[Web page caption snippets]
####################
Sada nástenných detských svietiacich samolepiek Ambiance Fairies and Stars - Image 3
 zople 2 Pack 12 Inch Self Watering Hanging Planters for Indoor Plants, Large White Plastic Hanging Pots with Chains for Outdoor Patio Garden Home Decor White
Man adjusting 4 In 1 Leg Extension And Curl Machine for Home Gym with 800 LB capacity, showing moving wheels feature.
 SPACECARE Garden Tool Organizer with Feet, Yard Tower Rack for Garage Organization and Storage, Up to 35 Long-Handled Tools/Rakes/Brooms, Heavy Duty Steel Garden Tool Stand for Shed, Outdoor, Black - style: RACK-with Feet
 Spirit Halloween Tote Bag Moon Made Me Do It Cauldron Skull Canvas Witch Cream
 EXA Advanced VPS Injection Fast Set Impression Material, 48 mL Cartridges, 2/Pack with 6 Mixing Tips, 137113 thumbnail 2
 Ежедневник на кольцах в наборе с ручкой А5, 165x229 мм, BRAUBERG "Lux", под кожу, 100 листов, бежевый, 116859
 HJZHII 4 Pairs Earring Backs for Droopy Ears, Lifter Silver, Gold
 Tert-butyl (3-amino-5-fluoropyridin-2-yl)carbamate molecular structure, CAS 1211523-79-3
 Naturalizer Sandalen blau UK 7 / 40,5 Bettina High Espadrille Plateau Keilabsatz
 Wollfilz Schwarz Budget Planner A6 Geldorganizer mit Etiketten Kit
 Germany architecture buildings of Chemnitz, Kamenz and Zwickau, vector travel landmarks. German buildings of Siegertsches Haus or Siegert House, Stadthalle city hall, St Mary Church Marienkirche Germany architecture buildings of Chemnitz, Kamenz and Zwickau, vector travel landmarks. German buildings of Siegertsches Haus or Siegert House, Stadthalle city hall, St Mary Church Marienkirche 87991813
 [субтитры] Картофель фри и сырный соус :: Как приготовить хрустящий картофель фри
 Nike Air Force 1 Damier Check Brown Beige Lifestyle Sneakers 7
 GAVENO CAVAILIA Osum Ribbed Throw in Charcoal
####################
[PROBLEM DESCRIPTION]
Report the lines above that have the word "Garden" in them.

[WRITTEN ANSWER]
 zople 2 Pack 12 Inch Self Watering Hanging Planters for Indoor Plants, Large White Plastic Hanging Pots with Chains for Outdoor Patio Garden Home Decor White
 SPACECARE Garden Tool Organizer with Feet, Yard Tower Rack for Garage Organization and Storage, Up to 35 Long-Handled Tools/Rakes/Brooms, Heavy Duty Steel Garden Tool Stand for Shed, Outdoor, Black - style: RACK-with Feet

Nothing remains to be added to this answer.